CSU graduate and undergraduate students work closely with the talented writing staff of the Writing Center and Director, Dr. Mary Murray McDonald. McDonald (pictured above) has learned over the years that she does not need to promote the services of the Writing Center. The Center serves an increasing number of students each semester. Students find the Writing Center on their own and especially when receiving a lower writing grade than expected. Students are also referred frequently by University Librarians and Faculty. Last year, the Writing Center averaged more than 5,000 tutorials a semester!
Many students, including graduate students, are considered long-term users who visit frequently throughout their writing process. McDonald and staff assist some students who simply cannot get started with their task. The pressure of the project, uncertainty on how to approach it, or concerns about potential faculty or advisor feedback all pose barriers for many students both at the onset and throughout their writing project.

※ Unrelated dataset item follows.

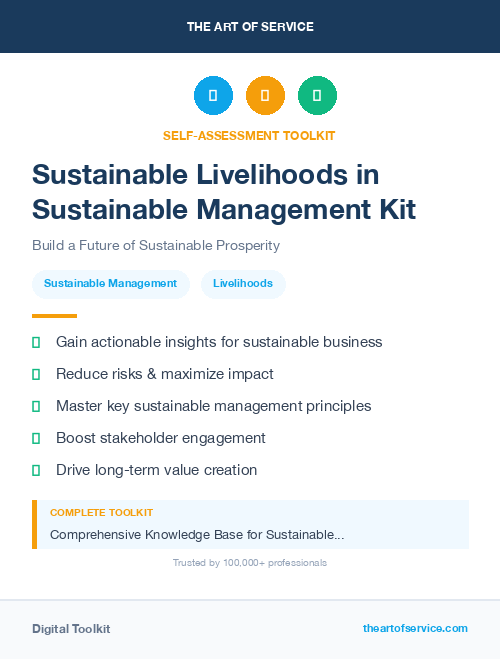 Sustainable Livelihoods in Sustainable Management Kit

McDonald finds it very rewarding to watch a student grow in confidence and enjoys being the “quiet person in the middle who helps someone grasp what he or she needs to do to write well—it’s like being a writing psychologist and craftsman at the same time.” The Writing Center staff offers the following practical advice to students:
Consider context. Link the writing to the larger societal issues. Don’t stick to the facts alone or to the research itself.

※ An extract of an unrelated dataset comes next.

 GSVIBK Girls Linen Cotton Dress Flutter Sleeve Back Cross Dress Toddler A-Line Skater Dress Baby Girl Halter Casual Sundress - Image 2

- Get to the point right away. When you write, write it all out badly, summarize, and put that summary at the top of the document to steer the reader.
- Cite more than you think you should.
- Ramp up your discussions—don’t be influenced by magazines that dumb things down.
- Follow your intuition about your research.
Driven by its mission to welcome and encourage student writers to make great decisions regarding their writing, the Writing Center provides a variety of resources and services in many formats: individual writing sessions, online tutorials, online handouts on the web site, and workshops. Students may select from general topics such as Common Writing Issues to more specific content areas on the web site including: Beginning a Thesis or Dissertation, Plagiarism, Research, Grant Writing, Annotated Bibliography, Grant Writing, APA & MLA Style, Conversion to Formal Language, and Grammar: http://www.csuohio.edu/academic/writingcenter/writinghelpforGrads.html
This spring, the Writing Center plans to host a week-long writing camp aimed at helping graduate students complete their writing projects. Providing a reserved, quiet space and dedicated access to writing consultants, the week is designed to help students wrap up or make significant writing progress in a thesis, dissertation, or capstone project.
Writing Center Staff are available at flexible times convenient to graduate student schedules. The Center offers both drop-in and scheduled appointments and also provides feedback to students making online submissions; the link for online submissions is as follows: http://www.csuohio.edu/academic/writingcenter/writinghelponline.html.
For students needing a more flexible option, the Writing Center provides online workshops on general topics related to research writing: http://www.csuohio.edu/academic/writingcenter/WAC/studentsworkshop.html
McDonald has served as CSU’s Writing Center Director for the past 15 years and also serves as Writing across the Curriculum Director. She holds a Bachelor of Arts in English from John Carroll University, an M.A., and Ph.D. in Rhetoric and Composition from Purdue University, and has authored 2 books and numerous academic articles concerning the history of grammar instruction, the writing of Thomas Merton, insight in writing, and writing pedagogy.